▸ Stored data:
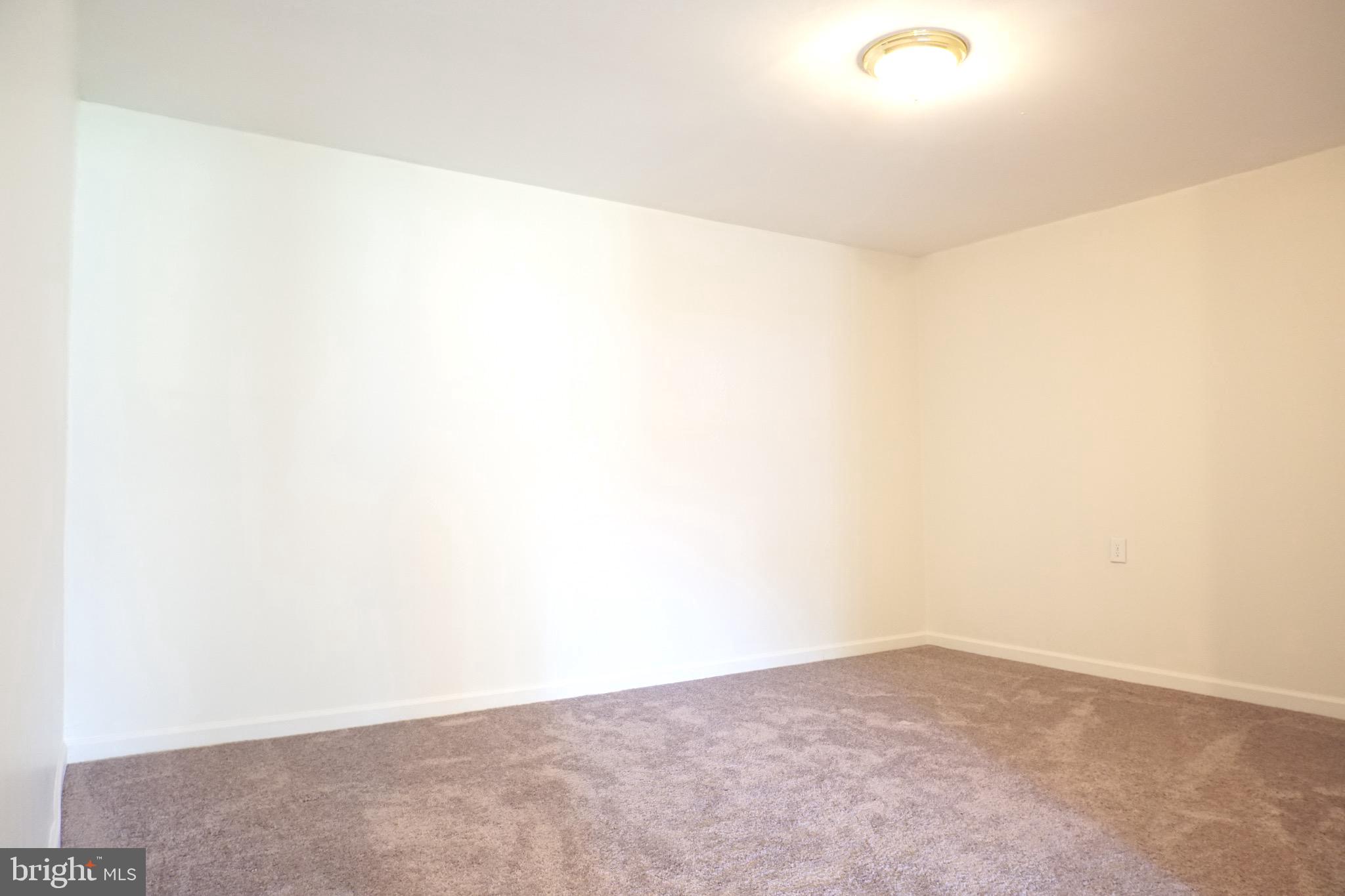 BLOOMS CROSSING - Residential Lease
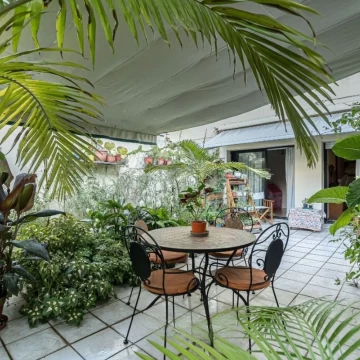 Departamento 3 ambientes con patio y balcón en venta en Colegiales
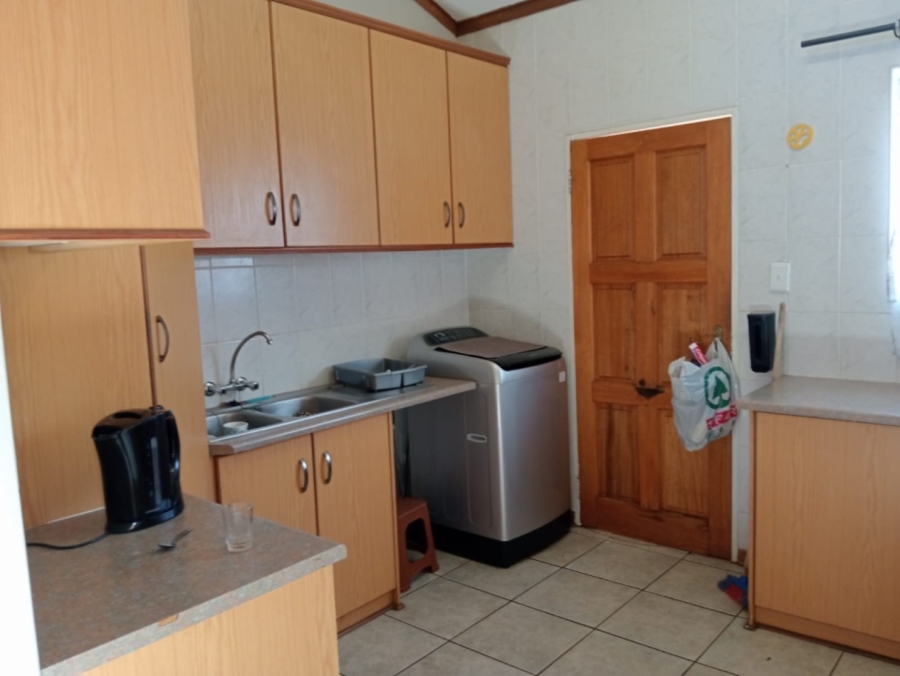 2 Bedroom Property for Sale in Langenhovenpark Free State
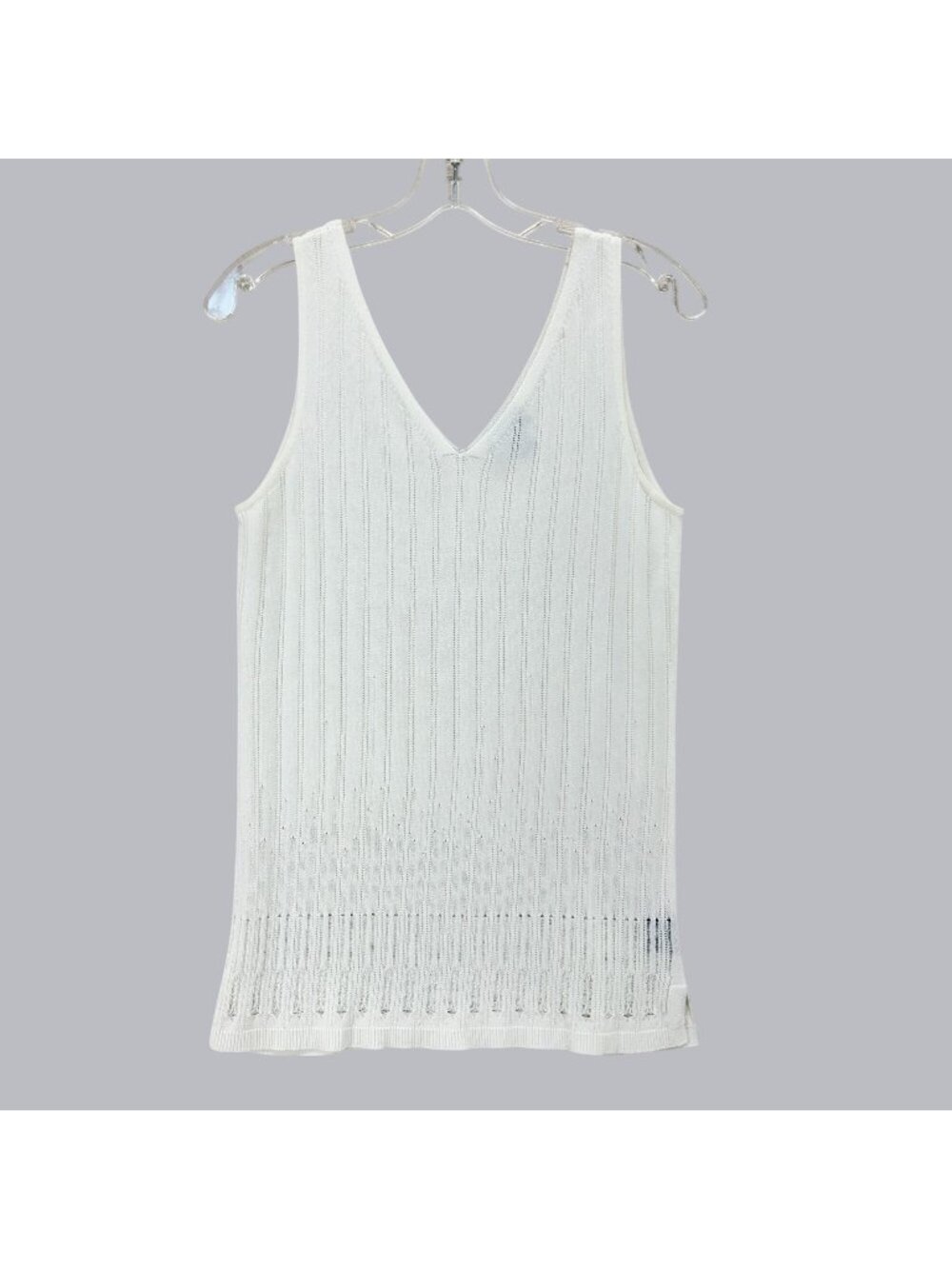 Carlisle White Knit Sleeveless Top Women’s M V Neck Lightweight Textured Tank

▸ To do:
Return the listing exactly as it appears, excluding any image.

▸ Answer to this exercise:
 BLOOMS CROSSING - Residential Lease
 Departamento 3 ambientes con patio y balcón en venta en Colegiales
 2 Bedroom Property for Sale in Langenhovenpark Free State
 Carlisle White Knit Sleeveless Top Women’s M V Neck Lightweight Textured Tank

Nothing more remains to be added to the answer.